Middlesbrough Council told it must apply for government support to avoid bankruptcy

Credit: ITV Tyne Tees

Middlesbrough Council will have to request exceptional financial support from the government if it is to avoid effective bankruptcy, the council's executive has been told.

A report said failure to approve a move at a meeting next week would see a section 114 notice issued - meaning the council would not be able to meet its legal requirement of balancing the budget by March.

Despite proposing a raft of cost-cutting measures, the council still faces a funding deficit of £6.3 million.

The council has already signed off on the sale of assets, while further proposals to save around £14 million are currently out for public consultation - including job cuts, reduced waste collection, and a council tax increase of 4.99%.

A statement in the council’s draft accounts report said, along with consideration of the Local Government Finance Settlement, the measures will not deliver “sufficiently robust and implementable savings plans” in time.

It says an application to the Department for Levelling Up Housing and Communities (DLUHC) “will be necessary during January 2024”.

If approved by the Government, the move would then be voted upon by the full council.

A report to the Executive said: “Middlesbrough Council’s financial position is critical.
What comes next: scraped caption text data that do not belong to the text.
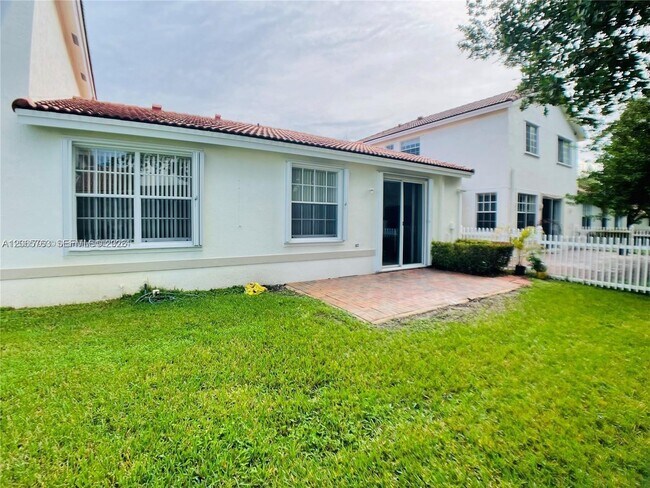 Building Photo - 2624 SW 188th Ave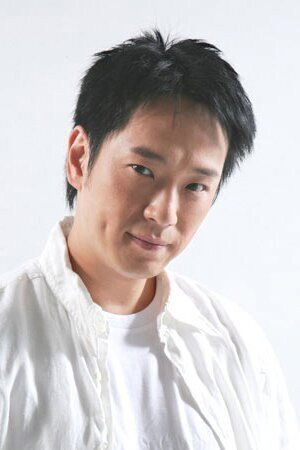 邵傳勇 as Yeung Yau-sun in Stooges in Tokyo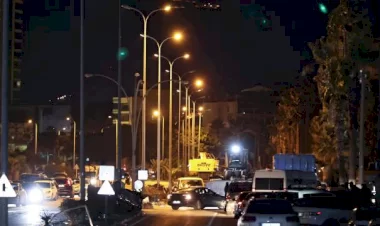 Depremden sonra sönen sokak lambalarına yeniden enerji verilmeye başlandı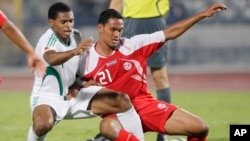  Alvin Tehau de Tahiti de l’Egypte, à droite, commet une faute sur Obiora Nwankwo du Nigeria lors du match Egypte-Nigeria comptant pour la Coupe du Monde U-20 au Stade international du Caire au Caire, en Egypte, 1 octobre 2009. Alvin Tehau de Tahiti de l’Egypte, à droite, commet une faute sur Obiora Nwankwo du Nigeria lors du match Egypte-Nigeria comptant pour la Coupe du Monde U-20 au Stade international du Caire au Caire, en Egypte, 1 octobre 2009. 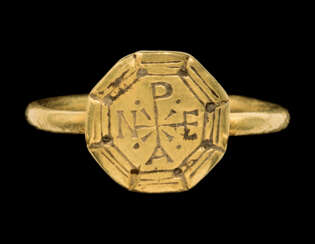 A BYZANTINE GOLD RING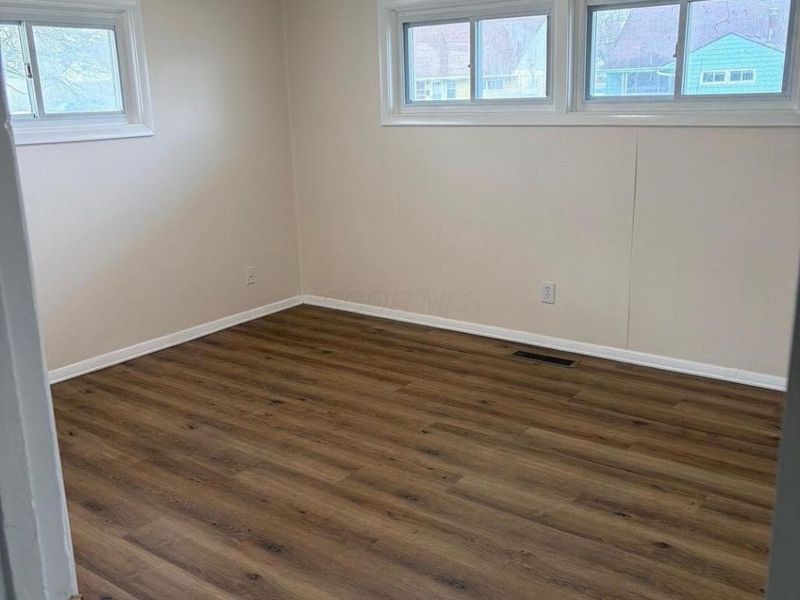 507 Virginia Circle W, Columbus, OH 43213 Photo 7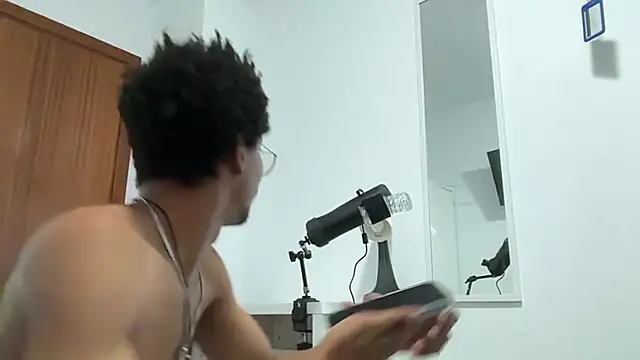 Živý XXX chat HoleBreeder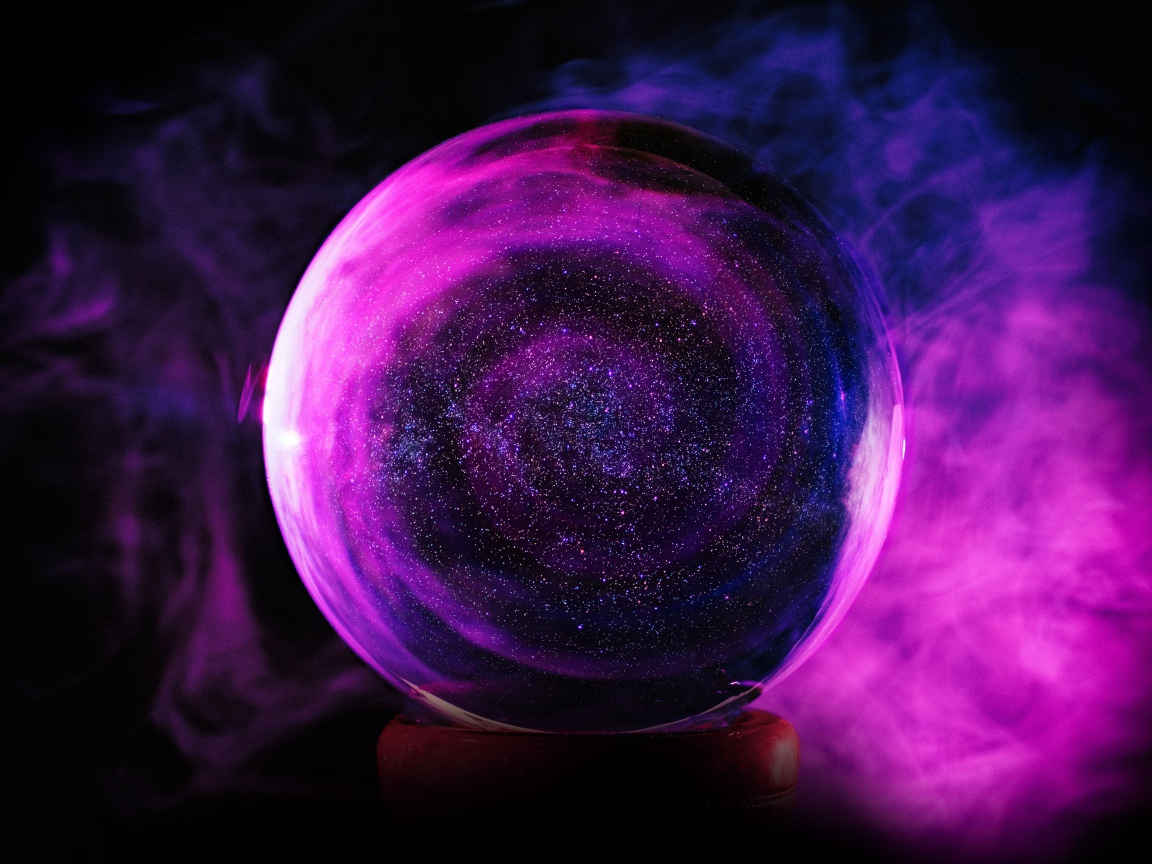 Большой кристальный шар в дыму на черном фоне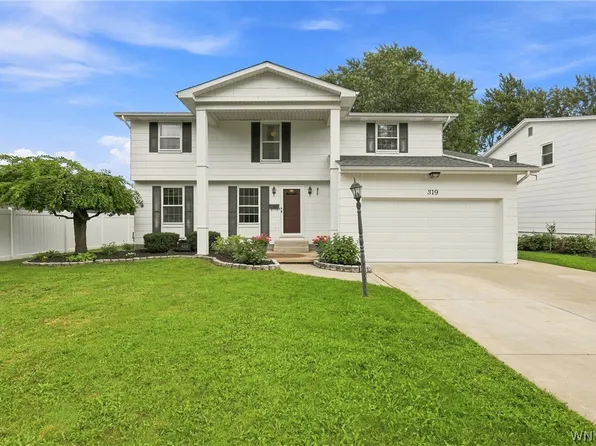 319 Sprucewood Ter, Williamsville, NY 14221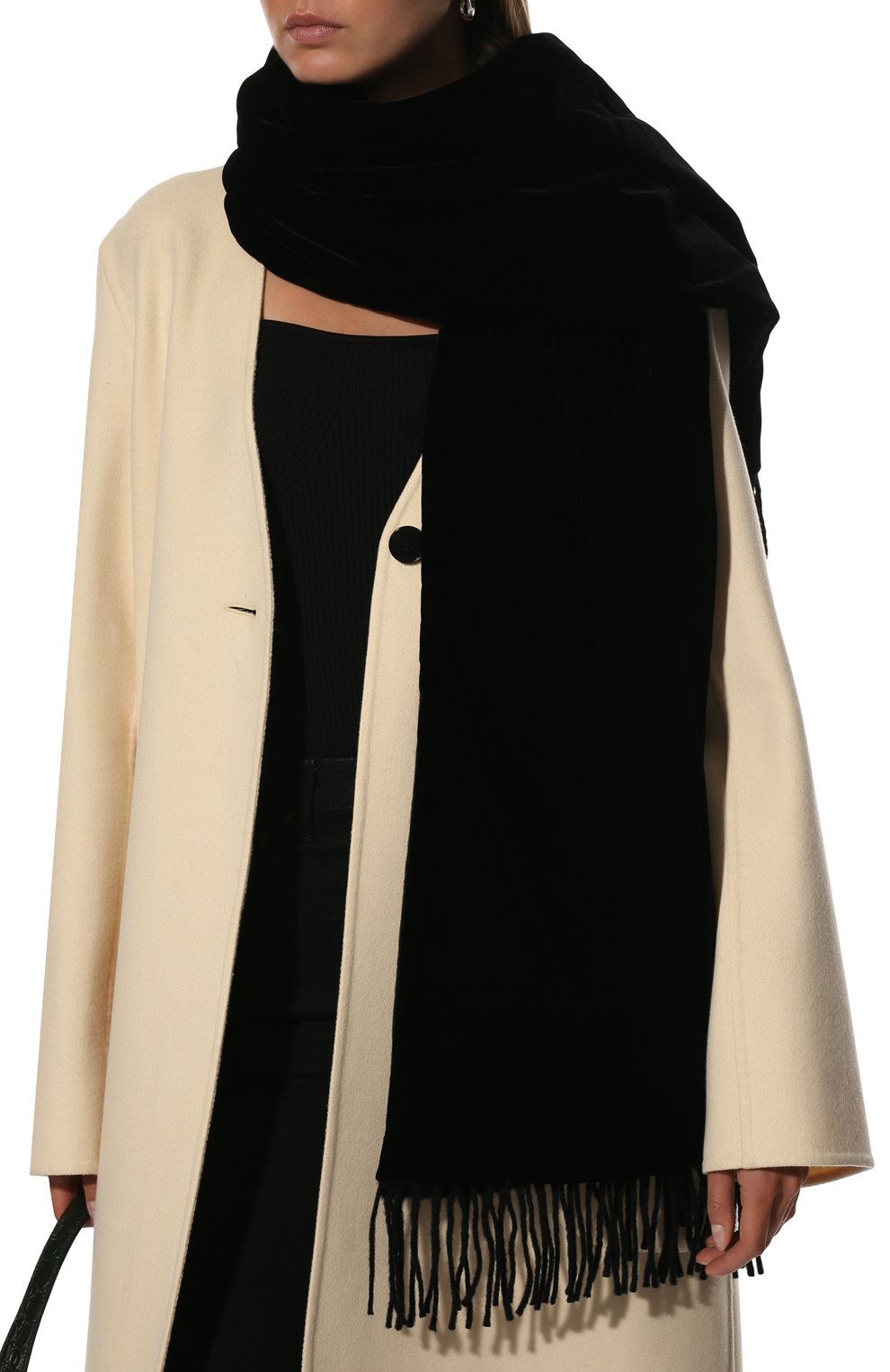 Женская шаль из кашемира и шерсти GIORGIO ARMANI черного цвета, арт. 795207/2F110 | Фото 2 (Материал: Текстиль, Кашемир, Шерсть)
At the time of writing, the council are consulting on a budget gap of £6.3 million for 2024/25, with the risk of the council issuing a section 114 notice remaining a possible outcome.”

A council spokesperson said: “The council is taking this decision in order to seek to avoid the more severe consequences of issuing a Section 114 notice, which have been issued recently by other local authorities, but that risk remains if a balanced budget cannot be achieved by the statutory deadline of March 11.”

Labour took control of Middlesbrough Council in the local elections of May 2023. It had previously been run by an Independent-Conservative administration, with both sides blaming each other for the council's financial difficulties.

The report to the Executive blamed the council’s “critical” financial position, in part, on “past failures” to establish and deliver sufficient savings plans and “over reliance” on revenue reserves to meet overspending.

The council’s draft accounts for 2022/23 show reserves have been used to support overspends across services, particularly in children’s social care which had a final overspend of £9.4 million.

In December, Tees Valley Mayor Ben Houchen and Middlesbrough and East Cleveland MP Simon Clarke wrote to Simon Hoare, Parliamentary Under-Secretary of State for Local Government, requesting commissioners step in and take over the running of the council.

Mayor of Middlesbrough, Chris Cooke, said the letter to Mr Hoare was “littered with inaccuracies” and insisted it was “a call to abandon Middlesbrough”. 

At a meeting in December, he told the Executive: “I’m of the opinion that what we are doing is difficult but the option of section 114 or any equivalent level of intervention would actually put us in a much worse place.

"What we are seeing around the country with a 10-15% rise in council tax, what we are seeing with libraries closing, residential care homes closing, that is not a situation that I think we should be in.”

A statement from the Department for Levelling Up, Housing and Communities said: “Councils are responsible for the management of their own finances, and it is right they take the necessary decisions to manage their position, but we remain ready to talk to any concerned about its financial position.

“We recognise councils are facing challenges and that is why we have announced a £64 billion funding package to ensure they can continue making a difference, alongside our combined efforts to level up.”